08 de julho de 2026
Bairros

População se cala diante de ameaças

Rose Araujo
| Tempo de leitura: 3 min

Nos bairros tidos como os mais violentos da cidade, como o Parque Jaraguá por exemplo, não é difícil encontrar relatos de criminalidade. Praticamente todo o mundo tem uma história desse tipo para contar, envolvendo a si próprio ou a parentes.

Os furtos e as ameaças são os principais tipos de violência sofrida pela população dessas localidades, que convivem com o crime na porta de casa.

Diferentemente dos bairros considerados “nobres”, que são atacados por criminosos de outras regiões, na periferia o ladrão tem rosto conhecido e representa uma ameaça constante. “Os que roubaram a minha casa são todos conhecidos do bairro”, conta Helena (nome fictício de uma moradora do Parque Jaraguá que teme ser identificada).

A residência dela foi furtada enquanto os moradores dormiam. “Limparam tudo. Os bandidos levaram até a roupa que eu lavava para fora”, lembra, angustiada.

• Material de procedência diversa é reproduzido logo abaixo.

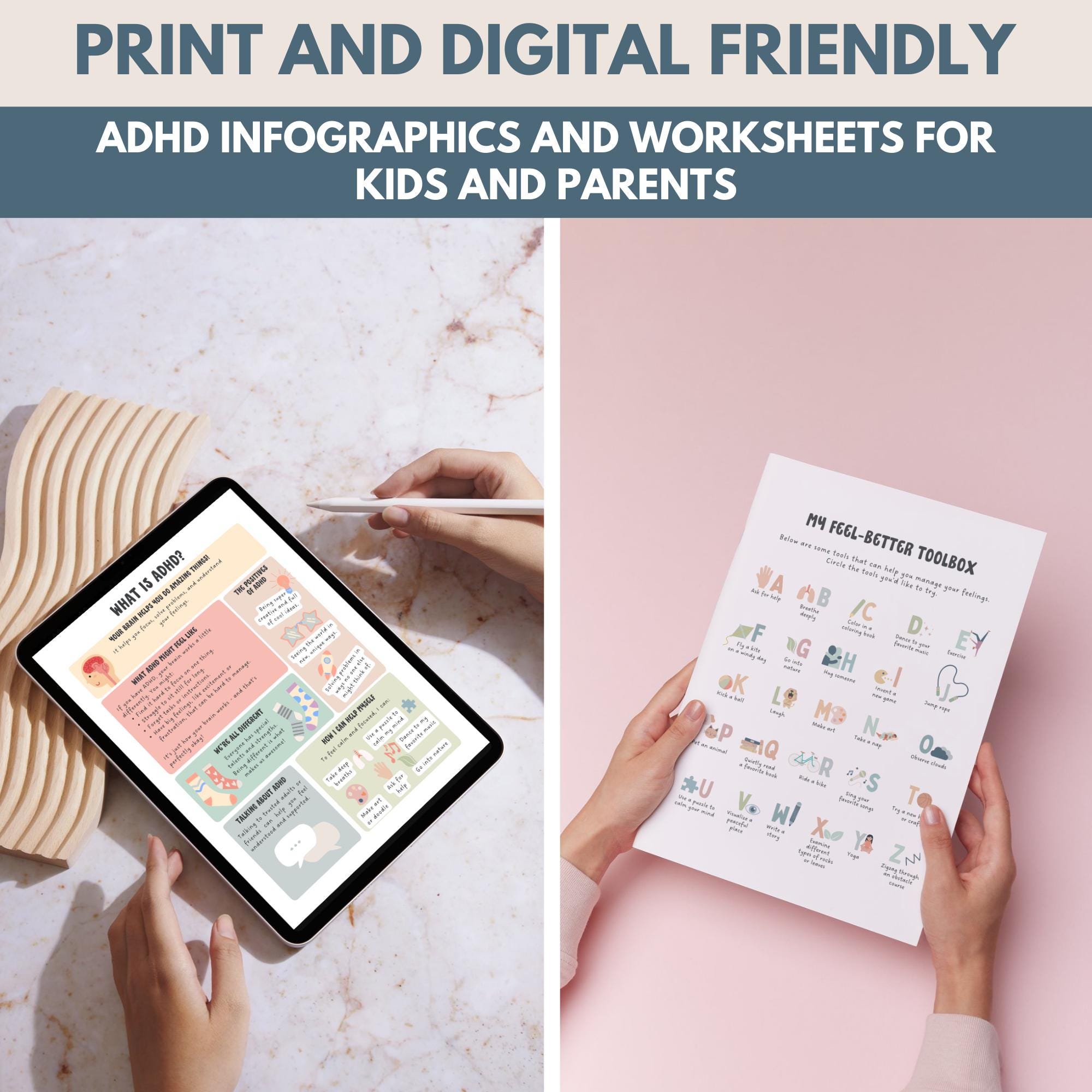 ADHD Worksheets: Kids & Teens Coping Skills, Emotional Regulation (PDF ...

Na ocasião, ela conta que comunicou o fato à polícia, indicou as pessoas que praticaram o crime, mas nada foi feito. “Até hoje eles andam aí, pelas ruas, usando inclusive a roupa que me furtaram”, diz a dona-de-casa.

Sentindo-se desprotegidos, muitas vezes os moradores dessas regiões periféricas preferem nem denunciar os criminosos para a polícia. “Se chamar a polícia, eles ameaçam pôr fogo na casa ou fazer coisa pior”, conta Joaquim (nome fictício), morador da Pousada da Esperança.

Ele destaca que a região sofre muito com a ação de bandidos do próprio bairro, mas que a população sente-se acuada para denunciar. “Uma vez, eu vi os ladrões entrando numa casa para furtar e chamei a polícia. Eles conseguiram fugir. Alguns dias depois, eles me cercaram e me bateram. Levei oito pontos no cotovelo”, conta Joaquim.

Ele diz que os moradores do bairro, um dos mais carentes da cidade, preferem abandonar suas casas a enfrentar os bandidos. “Só numa rua daqui eu contei 56 casas com placa de ‘Vende-se’. As pessoas acabam saindo do bairro por medo dos ladrões”, salienta.

Drogas

Moradora do Parque Jaraguá há 40 anos, a dona-de-casa Ângela (nome fictício) diz que quando o bairro não tinha infra-estrutura era melhor em termos de segurança. “Naquela época, a gente vivia mais sossegado aqui”, lembra.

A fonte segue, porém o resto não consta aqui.